(MATERIAL PROVIDED begins)

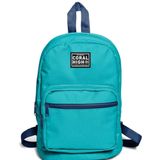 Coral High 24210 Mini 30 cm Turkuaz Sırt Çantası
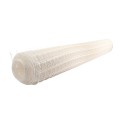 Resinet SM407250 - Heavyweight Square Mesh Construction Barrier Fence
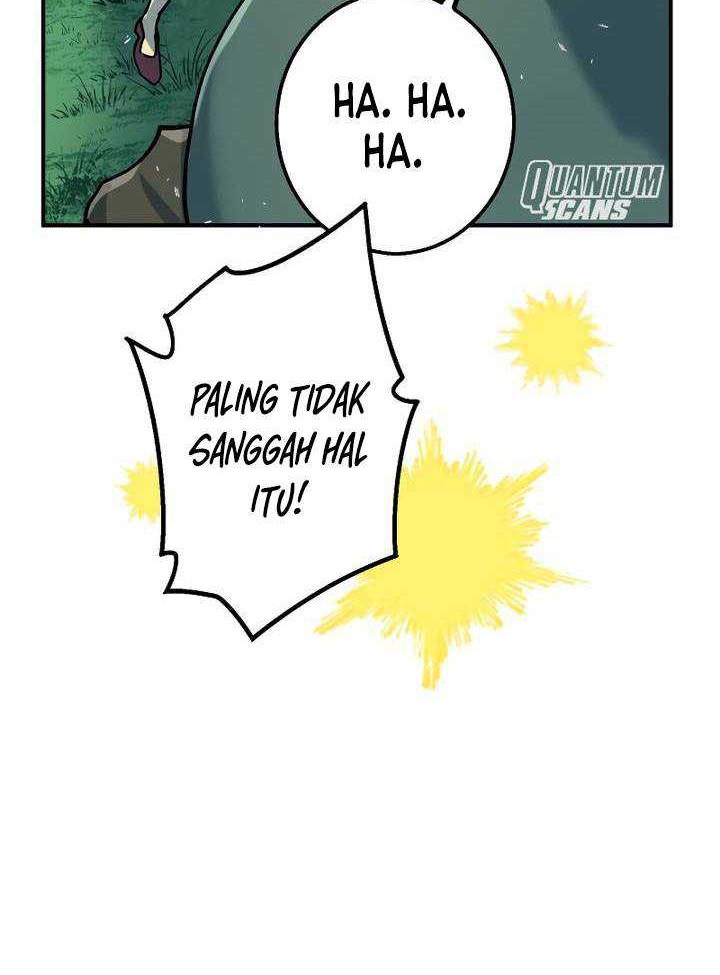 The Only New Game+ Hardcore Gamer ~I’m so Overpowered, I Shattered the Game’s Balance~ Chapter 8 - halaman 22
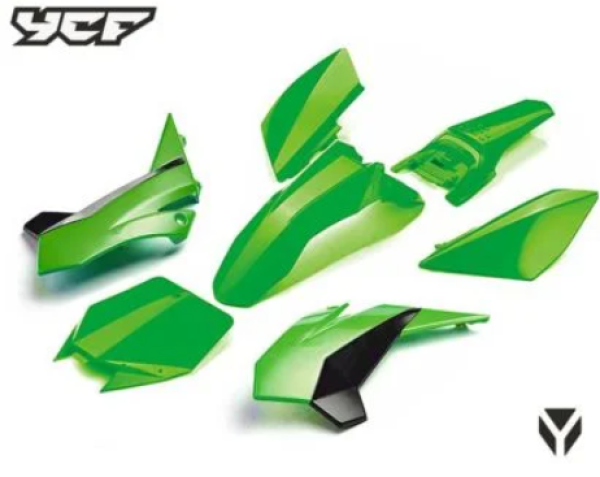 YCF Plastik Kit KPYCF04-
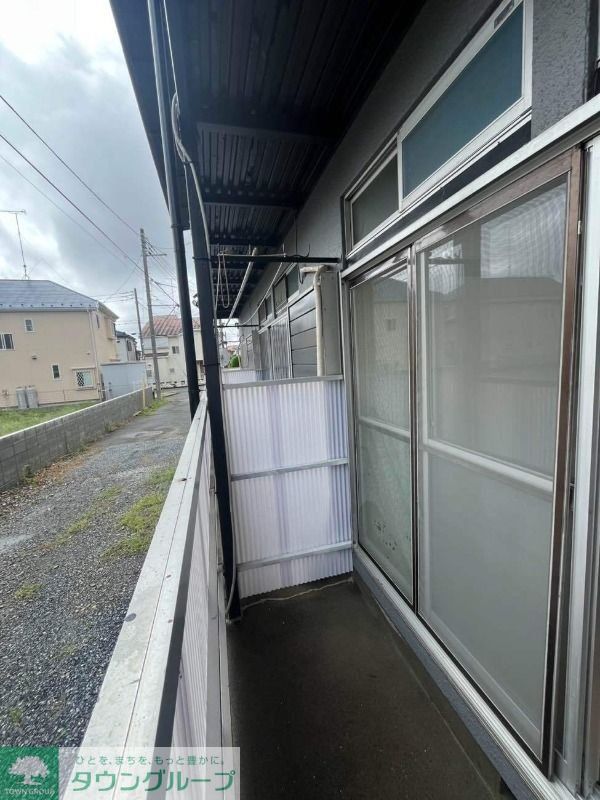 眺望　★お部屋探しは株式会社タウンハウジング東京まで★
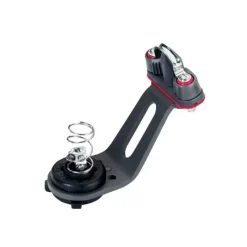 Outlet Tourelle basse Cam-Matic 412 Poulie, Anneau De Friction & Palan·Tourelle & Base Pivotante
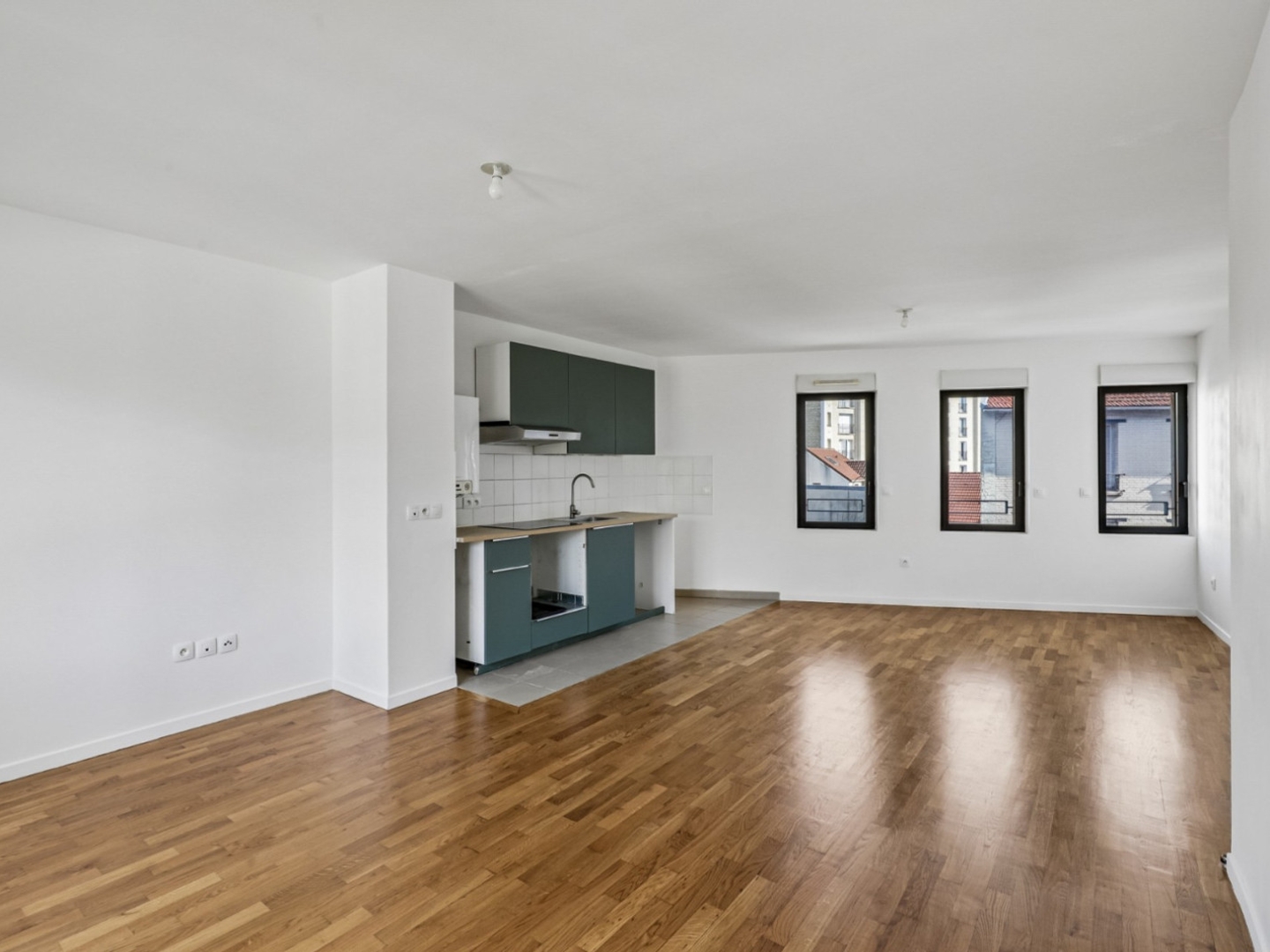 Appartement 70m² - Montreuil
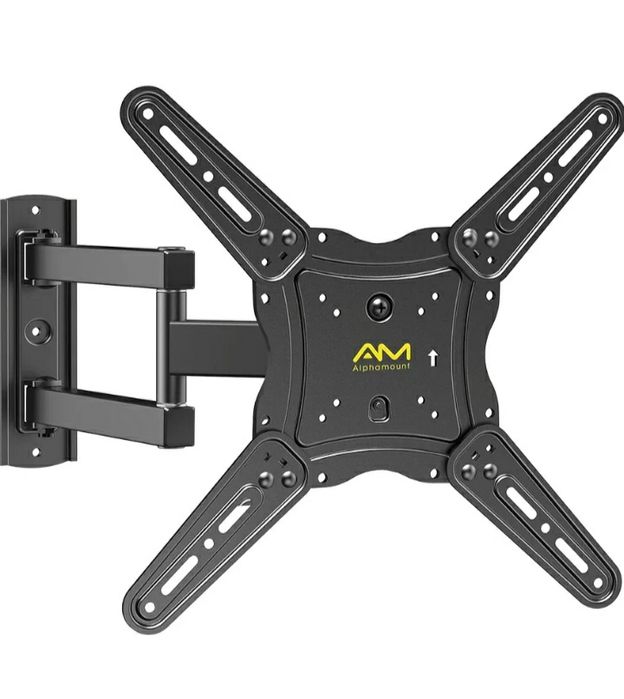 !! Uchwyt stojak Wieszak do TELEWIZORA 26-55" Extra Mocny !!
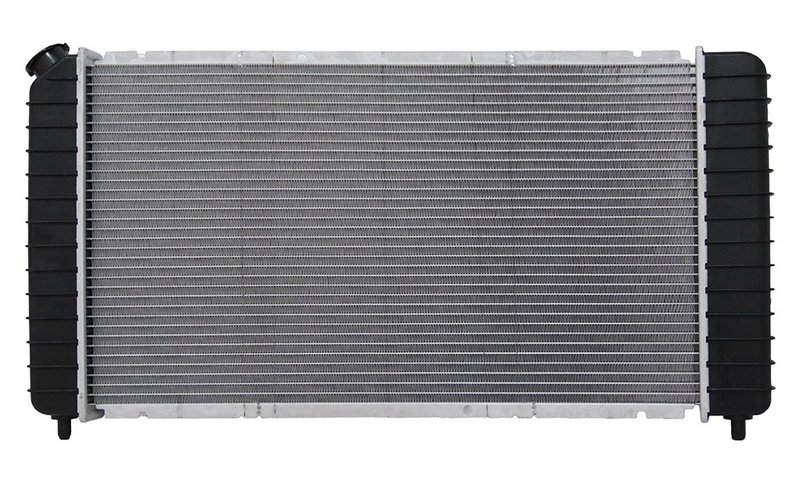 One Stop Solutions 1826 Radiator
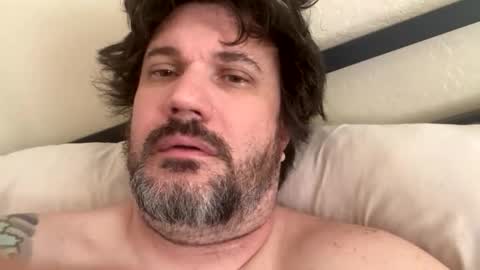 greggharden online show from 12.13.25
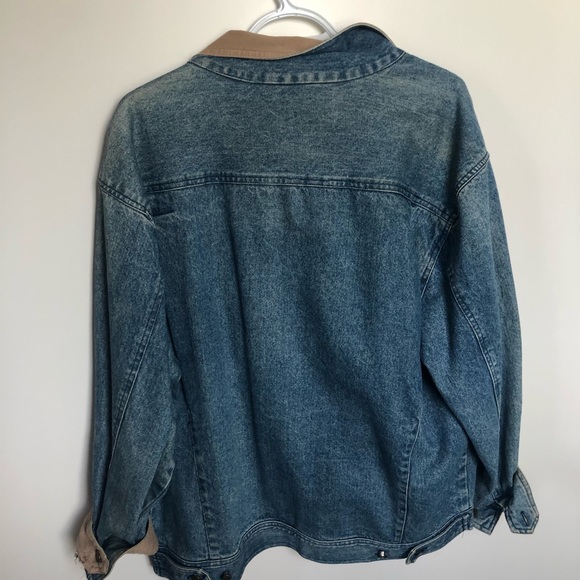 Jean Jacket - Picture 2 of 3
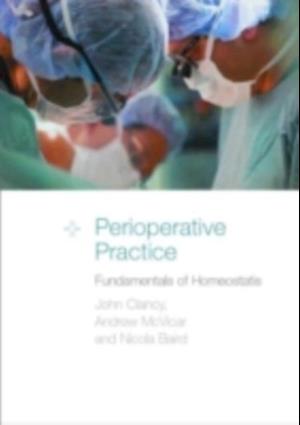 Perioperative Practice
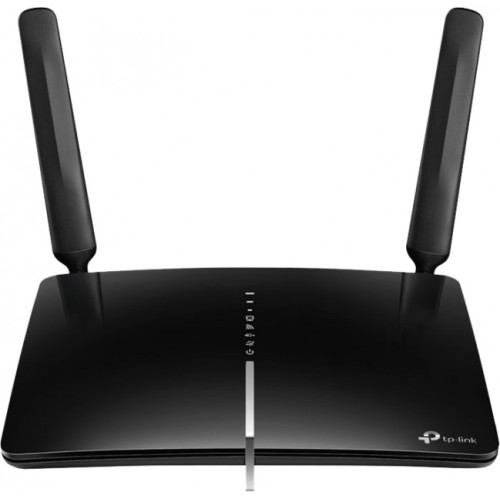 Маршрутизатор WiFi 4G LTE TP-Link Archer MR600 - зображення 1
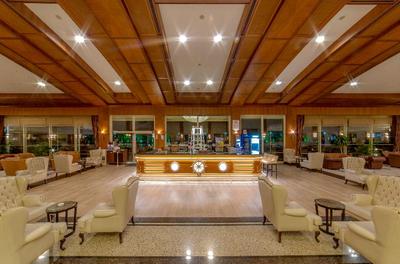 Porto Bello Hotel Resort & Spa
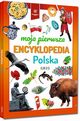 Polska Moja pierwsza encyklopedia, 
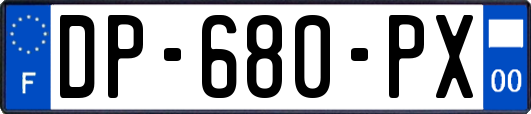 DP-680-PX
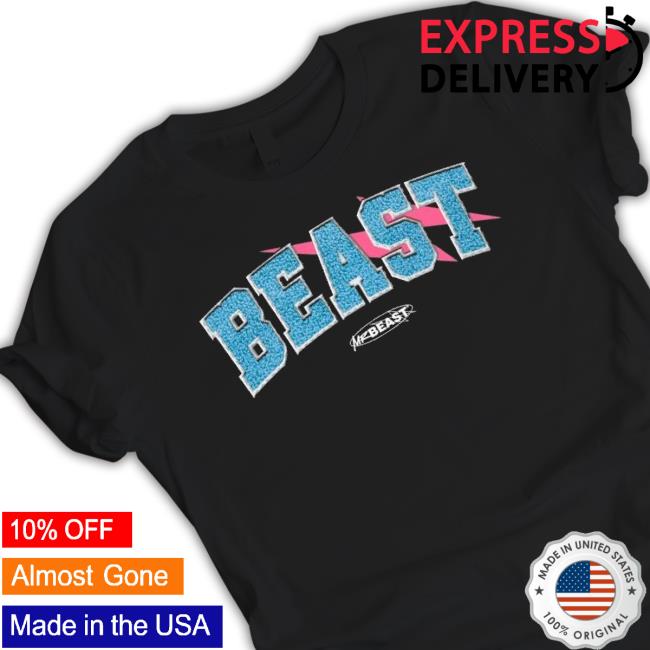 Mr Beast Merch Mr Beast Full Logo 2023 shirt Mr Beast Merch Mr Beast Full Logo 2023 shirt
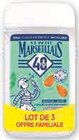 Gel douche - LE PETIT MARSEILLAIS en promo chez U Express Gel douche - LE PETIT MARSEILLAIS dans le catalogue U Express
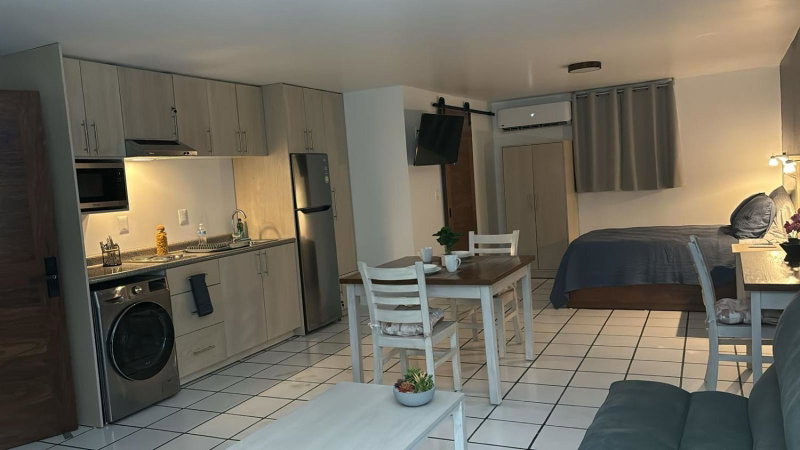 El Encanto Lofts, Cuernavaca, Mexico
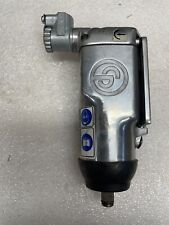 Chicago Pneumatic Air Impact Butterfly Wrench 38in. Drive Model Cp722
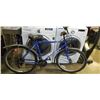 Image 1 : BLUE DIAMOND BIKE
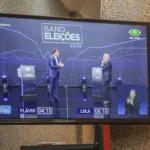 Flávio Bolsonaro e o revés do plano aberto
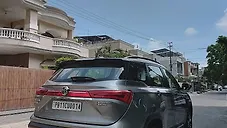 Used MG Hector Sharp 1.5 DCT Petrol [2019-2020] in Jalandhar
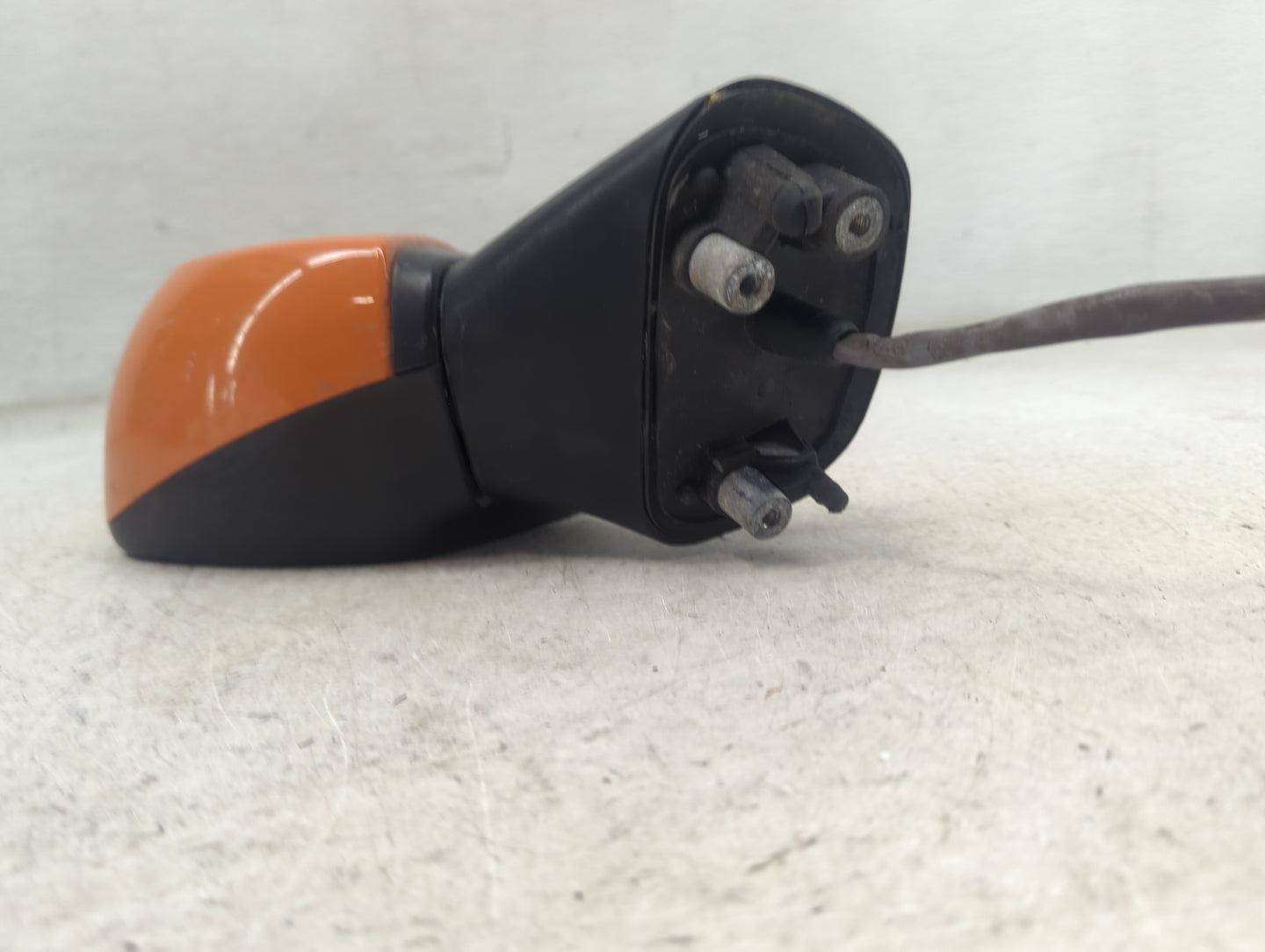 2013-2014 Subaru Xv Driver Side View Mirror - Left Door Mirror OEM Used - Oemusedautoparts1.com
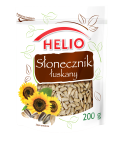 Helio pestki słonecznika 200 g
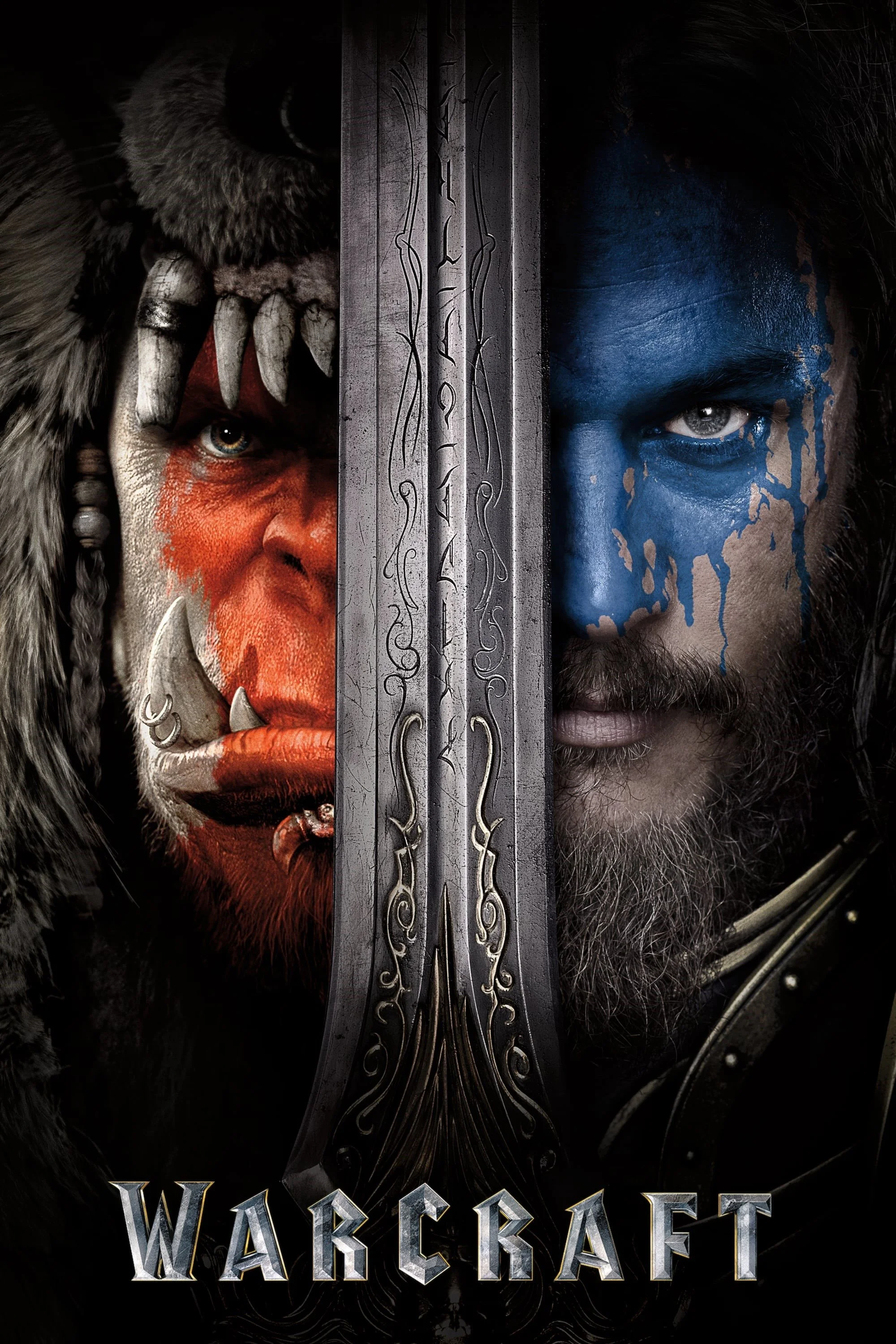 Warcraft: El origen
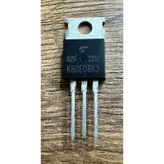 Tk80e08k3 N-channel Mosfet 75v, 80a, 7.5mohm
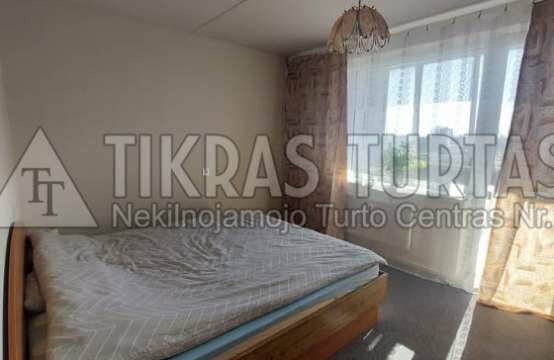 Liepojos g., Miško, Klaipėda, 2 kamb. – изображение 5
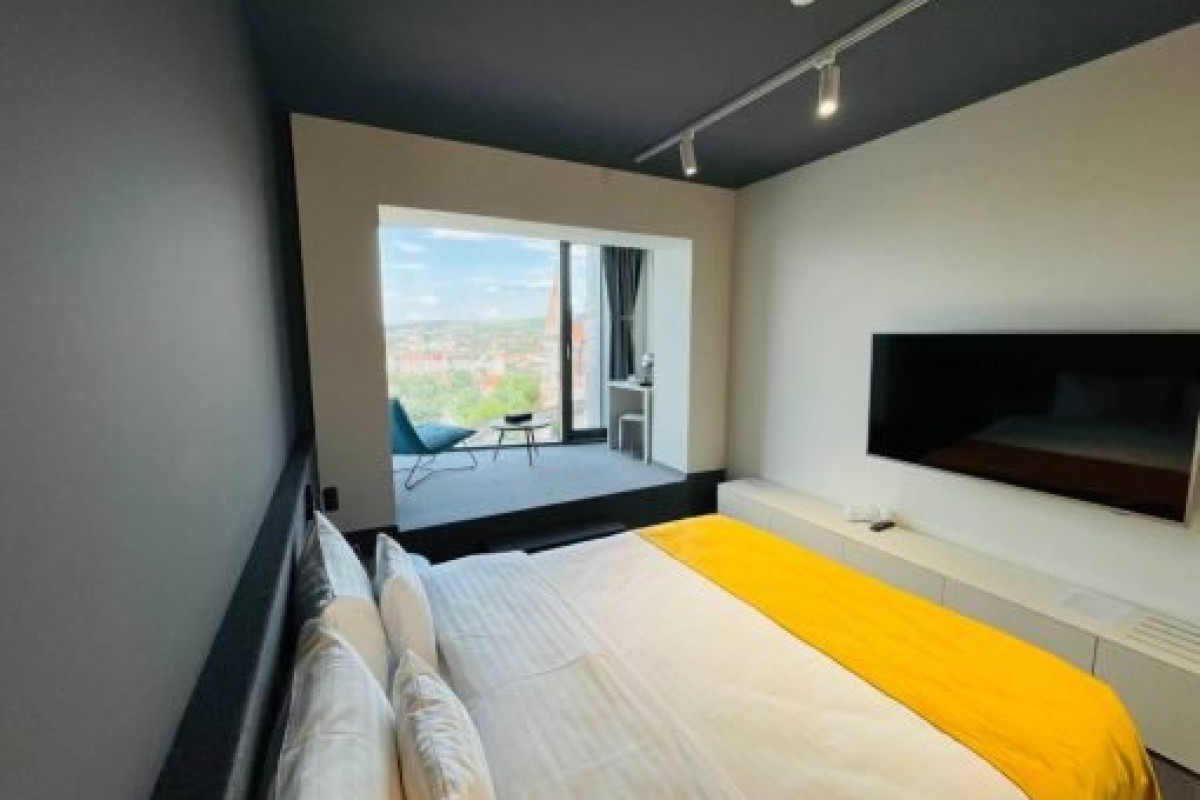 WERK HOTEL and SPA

(MATERIAL PROVIDED ends)

A faithful copy of the records above, without images, is what to give back.

- [SOLUTION TO THE PROBLEM]:
 Coral High 24210 Mini 30 cm Turkuaz Sırt Çantası
 Resinet SM407250 - Heavyweight Square Mesh Construction Barrier Fence
 The Only New Game+ Hardcore Gamer ~I’m so Overpowered, I Shattered the Game’s Balance~ Chapter 8 - halaman 22
 YCF Plastik Kit KPYCF04-
 眺望　★お部屋探しは株式会社タウンハウジング東京まで★
 Outlet Tourelle basse Cam-Matic 412 Poulie, Anneau De Friction & Palan·Tourelle & Base Pivotante
 Appartement 70m² - Montreuil
 !! Uchwyt stojak Wieszak do TELEWIZORA 26-55" Extra Mocny !!
 One Stop Solutions 1826 Radiator
 greggharden online show from 12.13.25
 Jean Jacket - Picture 2 of 3
 Perioperative Practice
 Маршрутизатор WiFi 4G LTE TP-Link Archer MR600 - зображення 1
 Porto Bello Hotel Resort & Spa
 Polska Moja pierwsza encyklopedia, 
 DP-680-PX
 Mr Beast Merch Mr Beast Full Logo 2023 shirt Mr Beast Merch Mr Beast Full Logo 2023 shirt
 Gel douche - LE PETIT MARSEILLAIS en promo chez U Express Gel douche - LE PETIT MARSEILLAIS dans le catalogue U Express
 El Encanto Lofts, Cuernavaca, Mexico
 Chicago Pneumatic Air Impact Butterfly Wrench 38in. Drive Model Cp722
 Image 1 : BLUE DIAMOND BIKE
 Flávio Bolsonaro e o revés do plano aberto
 Used MG Hector Sharp 1.5 DCT Petrol [2019-2020] in Jalandhar
 2013-2014 Subaru Xv Driver Side View Mirror - Left Door Mirror OEM Used - Oemusedautoparts1.com
 Helio pestki słonecznika 200 g
 Warcraft: El origen
 Tk80e08k3 N-channel Mosfet 75v, 80a, 7.5mohm
 Liepojos g., Miško, Klaipėda, 2 kamb. – изображение 5
 WERK HOTEL and SPA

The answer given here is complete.